December 1, 2013
Ireland, Opinions

Case for wind must be proven on costs

Colm McCarthy | Sunday Independent | 01 December 2013 | www.independent.ie

When a necessary and desirable economic development project comes along, there will often be objectors and the immediate instinct is to dismiss them as nimby and selfish. If the economic benefits stack up, sometimes the environmental costs will have to be endured and the trade-offs faced squarely.

But if the economic benefits are illusory, the objectors should win the day. Protests against transmission pylons and wind turbines have become a major focus of political agitation around the country, especially in the midlands. The issues are related, since the need for some of the new transmission pylons derives from the Government’s ambitious targets for wind-generated electricity.

The Government intends that no less than 40 per cent of Ireland’s electricity needs must ultimately be supplied by renewables, almost all wind. In addition, there are plans to build wind farms in Ireland beyond these ambitious targets for domestic market share, with a view to exporting wind-generated electricity to the United Kingdom. It is not at all clear that this policy makes economic sense.

The extensive plans for wind energy include a scheme from the State-owned Bord na Mona to construct 1,000 megawatts of capacity on exhausted peat-lands in east Offaly and west Kildare. At the typical cost of €1.5m per megawatt, this scheme would cost €1.5bn. The ambition of this scheme is apparent if one considers that the fixed assets of Bord na Mona are currently valued at just €270m. The company sees the 1,000 megawatts as a first phase, possibly to be doubled in due course.

Other State bodies, including Coillte, the forestry company, are also planning wind investments. Both the ESB and the State gas company, BGE, already own wind farms, so the Irish Government owns four State companies involved in wind-powered generation.

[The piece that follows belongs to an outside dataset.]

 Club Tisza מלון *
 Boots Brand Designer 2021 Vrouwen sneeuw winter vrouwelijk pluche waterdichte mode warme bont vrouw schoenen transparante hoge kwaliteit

BGE has been trying to off-load its wind farm business, acquired in 2009 at a cost of €500m, thus far without success. The State is simultaneously selling wind farms and acquiring new ones. The Government has allowed itself to become, in effect, a market-maker in wind farms.

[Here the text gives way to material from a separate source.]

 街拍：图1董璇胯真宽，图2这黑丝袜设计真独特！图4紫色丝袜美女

There is opposition from residents’ and community groups, particularly in the midlands, to these wind farm proposals. Modern wind turbines are visually intrusive – they are the height of the spire in Dublin’s O’Connell Street, and some even higher. In addition to visual intrusion, there are concerns about noise emissions and possible health effects.

Partly in response to the wind farm plans, EirGrid, the State-owned operator of the electricity grid, is planning major new power lines around the country and there is opposition also to the construction of the pylons which carry high-voltage lines. Not all of EirGrid’s intended investment, contained in its Grid 25 network enhancement plan, arises from the wind-farm investments: EirGrid believes that certain grid improvements are necessary anyway. But it is clear from the Grid 25 documentation that a substantial portion of the cost of around €4bn arises because of the continuing proliferation of wind farms.

Under current Irish arrangements, wind producers do not pay the full costs they impose on the transmission network; they pay only the immediate connection cost. The so-called ‘deep connection’ costs are imposed on consumers at large. There are other subsidies to wind generators, including a guaranteed minimum price, also imposed on consumers.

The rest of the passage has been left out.